Let dx and dy be the absolute coordinate differences, and let xstep and ystep be +1 or -1 toward the endpoint. The caller has already plotted the start point.

  • If dx >= dy, set major = dx, xerror = 0, and yerror = floor(dx / 2).
  • Otherwise set major = dy, xerror = floor(dy / 2), and yerror = 0.
  • Repeat major times:
    1. Set yerror = (yerror + dy) modulo 256. If yerror >= major, subtract major modulo 256 and advance Y by ystep.
    2. Set xerror = (xerror + dx) modulo 256. If xerror >= major, subtract major modulo 256 and advance X by xstep.
    3. Plot the resulting point.

For example, the segment from (0,0) to (3,1) plots (0,0), (1,0), (2,1), and (3,1). The modulo-256 accumulators also affect long edge-to-edge segments; they must not be replaced with wider arithmetic.

Seed fill

Command 0xf8 reads zero or more coordinate-pair seeds. Each seed performs a four-connected fill under these rules:

  1. If visual drawing is enabled, connectivity is determined solely by the visual channel and the target value is visual color 15.
  2. Otherwise, if priority/control drawing is enabled, connectivity is determined by that channel and the target value is 4.
  3. If neither channel is enabled, the seed has no effect.
  4. A visual fill whose selected visual value is 15, or a priority/control fill whose selected value is 4, has no effect.
  5. The seed must have the target value in the selected connectivity channel. Otherwise it has no effect.
  6. Every cell in the seed’s four-connected target-valued region is written using the normal drawing-channel rule.

When both channels are enabled, visual values determine connectivity but both channels are written. The traversal order and temporary storage strategy are not observable for valid finite pictures; the final connected region is the required result.

Pattern mode and plots

Profiles 2.089, 2.230, and 2.272 have no pattern-mode or pattern-plot commands. Their valid picture command vocabulary ends with seed fill at 0xf8.

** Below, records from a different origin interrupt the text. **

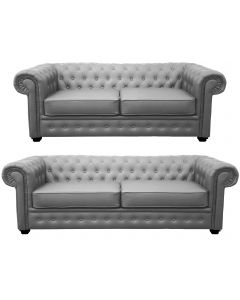 Venus Sofa 3 Seater 2 Seater Armchair Grey Faux Leather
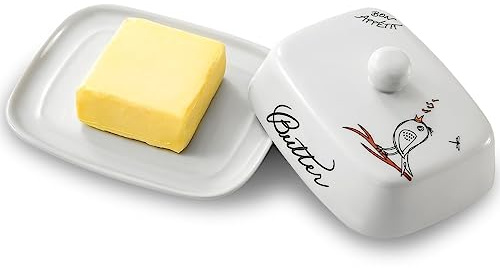 Butterdose mit Griff für 250g Butter, Hochwertige Keramik, Weiß mit Farbigem Vogelmuster, Porzellan, Klassische Butterdose Butterglocke Butterschale Butterbehälter Butterbox, Spülmaschinengeeignet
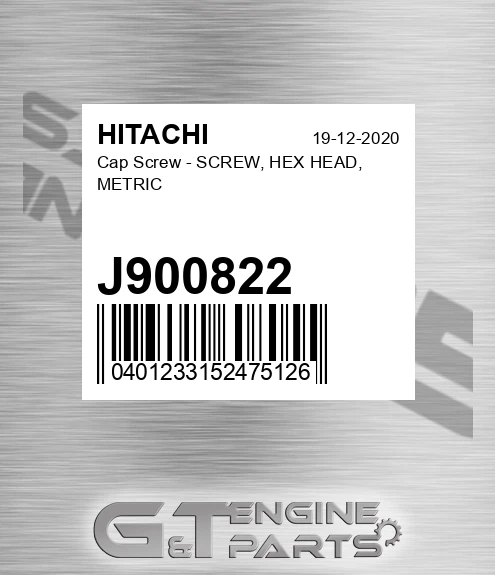 J900822 Cap Screw - SCREW, HEX HEAD, METRIC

Profile 2.411 uses an early point-plot variant:

  • 0xf9 consumes one raw byte and otherwise has no effect.
  • 0xfa repeatedly consumes X,Y coordinate pairs with no seed bytes and performs one ordinary pixel write for each complete pair.
  • Shape, radius, and stipple fields do not apply in this profile.

Profiles 2.439/2.440, 2.915/2.917, 2.936, and 3.002 use the shaped and stippled pattern behavior below. The v2 and v3 families differ in the radius-one shape and horizontal edge limit, as stated under plot geometry.

Command 0xf9 consumes one raw mode byte. Its fields are:

  • bits 0..2: radius r in 0..7;
  • bit 0x10: bypass the geometric pattern mask when set; and
  • bit 0x20: before each plotted coordinate, consume one guarded seed byte used for stippling.

Command 0xfa repeatedly consumes an optional seed byte followed by an X,Y pair. The seed is required for every pair when mode bit 0x20 is set. Each complete pair performs one pattern plot.

Plot geometry

For radius r, a plot examines 2r + 1 rows and r + 1 columns. Let horizontal_limit be 320 for shaped-brush v2 profiles and 318 for v3 profiles. Its starting coordinates are:

doubled_x = clamp(2 * x - r, 0, horizontal_limit - 2 * r)
start_x   = floor(doubled_x / 2)
start_y   = clamp(y - r, 0, 167 - 2 * r)

Rows are visited from top to bottom and columns from left to right. Unless mode bit 0x10 is set, a candidate exists only when the current row word has at least one bit in common with the current column mask.

The column masks for columns 0..7 are:

8000 2000 0800 0200 0080 0020 0008 0002

The row words for each radius are shown below. Radius 1 is the only shape that differs between the observed shaped-brush v2 and v3 profiles.

RadiusShaped-brush v2v3
08000Same as v2
1e000 e000 e0004000 e000 4000
27000 f800 f800 f800 7000Same as v2
33800 7c00 fe00 fe00 fe00 7c00 3800Same as v2
41c00 7f00 ff80 ff80 ff80 ff80 ff80 7f00 1c00Same as v2
50e00 3f80 7fc0 7fc0 ffe0 ffe0 ffe0 7fc0 7fc0 3f80 1f00Same as v2
60f80 3fe0 7ff0 7ff0 fff8 fff8 fff8 fff8 fff8 7ff0 7ff0 3fe0 0f80Same as v2
707c0 1ff0 3ff8 7ffc 7ffc fffe fffe fffe fffe fffe 7ffc 7ffc 3ff8 1ff0 07c0Same as v2

With the geometric mask enabled, the v2 radius-one rows admit both examined columns on all three rows, producing a 2 by 3 logical-pixel block. In v3, the top and bottom 4000 rows overlap neither examined column mask, so only the two adjacent logical pixels in the center row are candidates. Mode bit 0x10 bypasses these row/column tests in either family.

Stipple sequence

When mode bit 0x20 is set, initialize an eight-bit state to seed | 1 at the start of each plot. For every candidate that passes the geometric mask, update the state before deciding whether to write:

  1. Save bit 0 as carry and shift the state right once.
  2. If carry was set, XOR the state with 0xb8.
  3. Write the candidate only when state bit 0 is clear and state bit 1 is set.

The sequence is restarted from that plot’s seed for every coordinate pair.

Linear right-edge behavior

In full-brush profiles, pattern candidates are addressed as a linear array index row * 160 + column, after adding the calculated starts. In shaped-brush v2 profiles, a candidate whose calculated X is 160 therefore writes logical X 0 of the following row when that linear index remains within the 160 by 168 surface. A candidate beyond the end of the entire surface has no visible effect. Implementations using a two-dimensional pixel API must reproduce this result rather than clipping each pattern candidate at X 159.

The v3 horizontal limit prevents valid pattern geometry from producing X 160, so this wrap is not reachable from a valid v3 pattern plot.

Every accepted pattern candidate uses the normal drawing-channel write rule.

Valid-data boundary

This chapter specifies complete command streams ending in 0xff, with complete raw operands, coordinate pairs, and pattern seed/coordinate groups. Resource truncation and unsupported command bytes 0xfb..0xfe are malformed-data behavior and are outside the conformance target.